GothenburgBitFactory / taskchampion

Personal task-tracking library
MIT License
79 stars 20 forks source link

Reconsider "level" of the Task/TaskMut interface #372

Closed djmitche closed 2 months ago

djmitche commented 1 year ago

The problem that brought me [to GothenburgBitFactory/taskwarrior#3029] is, Taskwarrior mostly doesn't call functions like set_description or add_annotation -- it interfaces directly with the key/value pairs that make up a task, via set_value. But it does call set_status since that updates the working set. So the issue was that Taskwarrior would call

and the second call would not "see" that the modified timestamp had already been set, and would do so again. On import, this causes a problem by setting the "modified" timestamp of all tasks to the time the import occurred.

Overall, this is a major "impedance mismatch" between TC and TW: TW wants to handle tasks as key/value maps, while TC was really designed for API consumers to call methods that embody more knowledge about the meaning of particular keys. These are more than just convenience wrappers, though: they also have this set-the-modified-timestamp thing, as well as automatically updating the working set. And (referring to GothenburgBitFactory/taskwarrior#3028) it might be good to cache parent/child relationships as well, to avoid having to load most of the pending tasks one-by-one. I've been mulling this over for a while but haven't come up with a concrete way to do better.

Originally posted by @djmitche in https://github.com/GothenburgBitFactory/taskwarrior/issues/3029#issuecomment-1414569579

djmitche commented 1 year ago

cc @ryneeverett continuing discussion from GothenburgBitFactory/taskwarrior#3029.

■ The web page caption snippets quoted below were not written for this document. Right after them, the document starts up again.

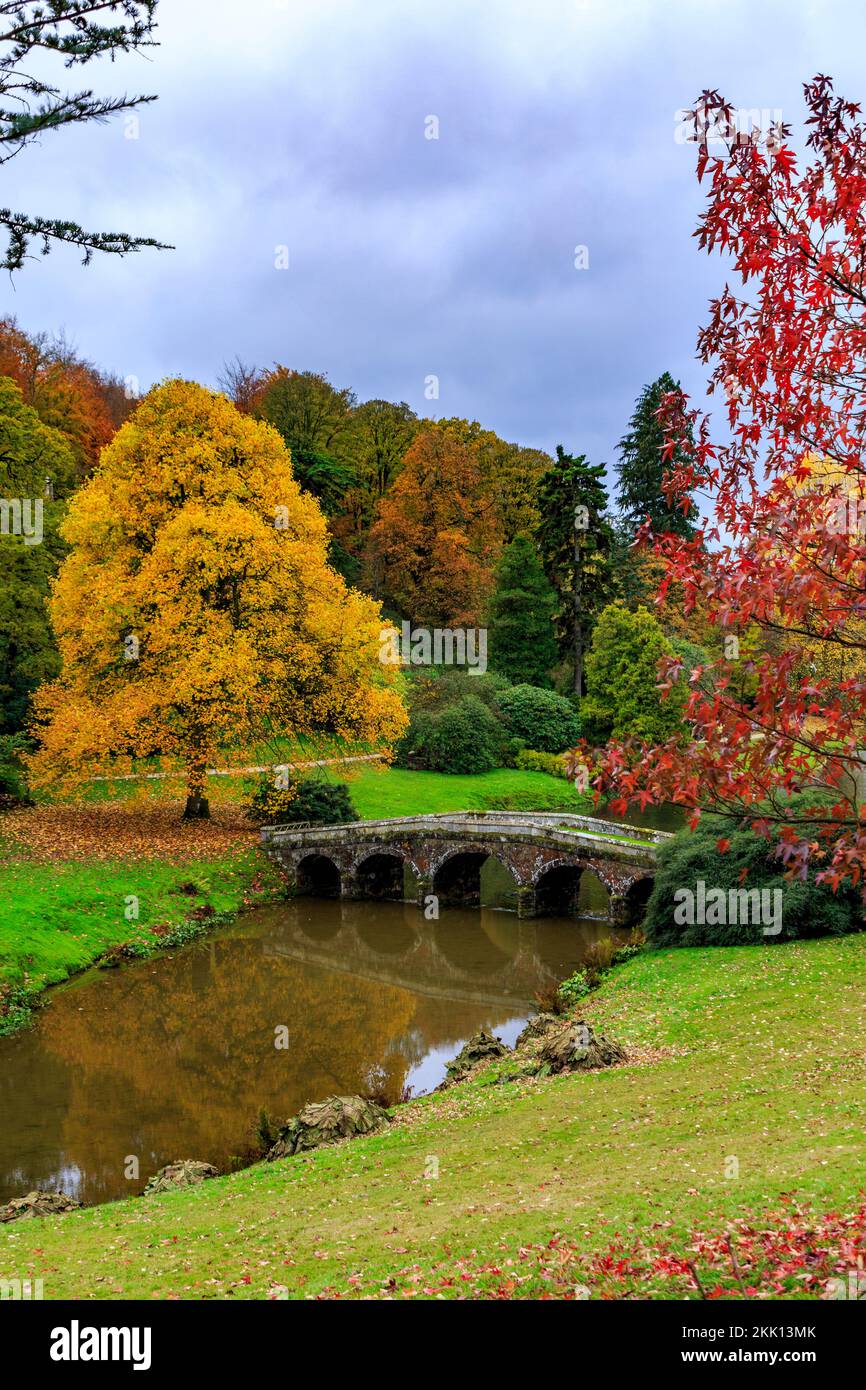 Spectacular autumn colour surrounds the historic Palladian bridge at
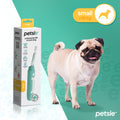Petsie small dog toothbrush featuring an ergonomic handle, indicator light, and replaceable bristle brush head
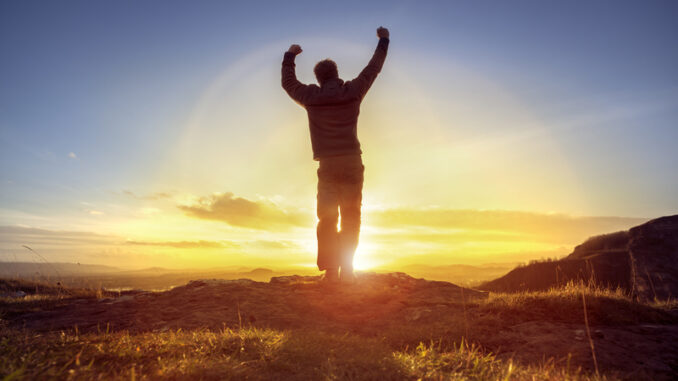 Happy man celebrating winning success or worship and praise against sunset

ryneeverett commented 1 year ago

A better understanding of why we're dissatisfied with the current interface would be helpful for developing and evaluating solutions. When a refactor doesn't solve a concrete problem or enable a concrete use case, it can be difficult to tell whether it is an actual improvement. In the case of GothenburgBitFactory/taskwarrior#3029, I would suggest that we were uncomfortable with that solution because it was not encapsulated in TaskMut but rather dependent upon the consumer manually setting the "modified' attribute before calling a method which automatically calls TaskMut::update_modified().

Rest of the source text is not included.